Yaratılmışlar, özleri itibariyle, temel olarak iki ana başlıkta ele alınabilir: Kesif ve latif varlıklar. Cansız varlıklar, bitkiler, hayvanlar ve insanlar kesif varlıklardır. Cinler, şeytan ve melekler ise latif varlıklardır. Cinler duyularla idrak edilemeyen, insanlar gibi şuur ve iradeye sahip bulunan, ilâhî emirlere uymakla yükümlü tutulan ve müminkâfir gruplarından oluşan varlıklardır. Cinler saf ve dumansız ateşten yaratılmış, insanlar gibi yiyipiçen, evlenerek çoğalan, erkeklik ve dişilikleri olan, kendilerine peygamberlerin gönderildiği varlıklardır.

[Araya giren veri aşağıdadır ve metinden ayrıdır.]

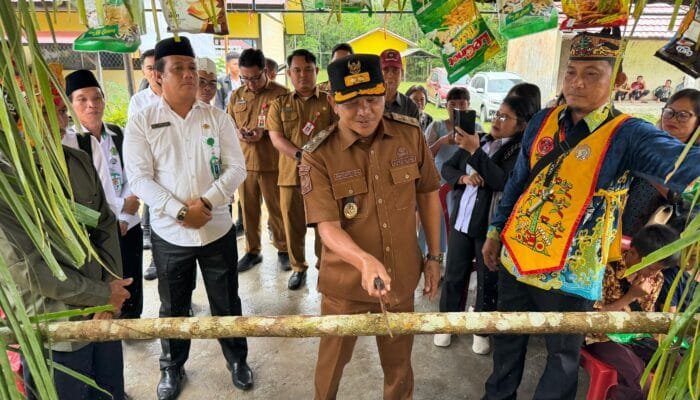 Wakil Bupati Barsel Resmikan Balai Basarah Kayun Bangun Mabuan‎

Melekler nurdan yaratılmışlardır ve Rabbimize hep itaat üzere olmaları nedeniyle cin ve şeytandan ayrılırlar. Meleklerin kendilerine has özellikleri ve görevleri vardır. Fakat onlar hiçbir şekilde yanlış, kötü, hata vb. olumsuz durumlarla ilişkilendirilemezler.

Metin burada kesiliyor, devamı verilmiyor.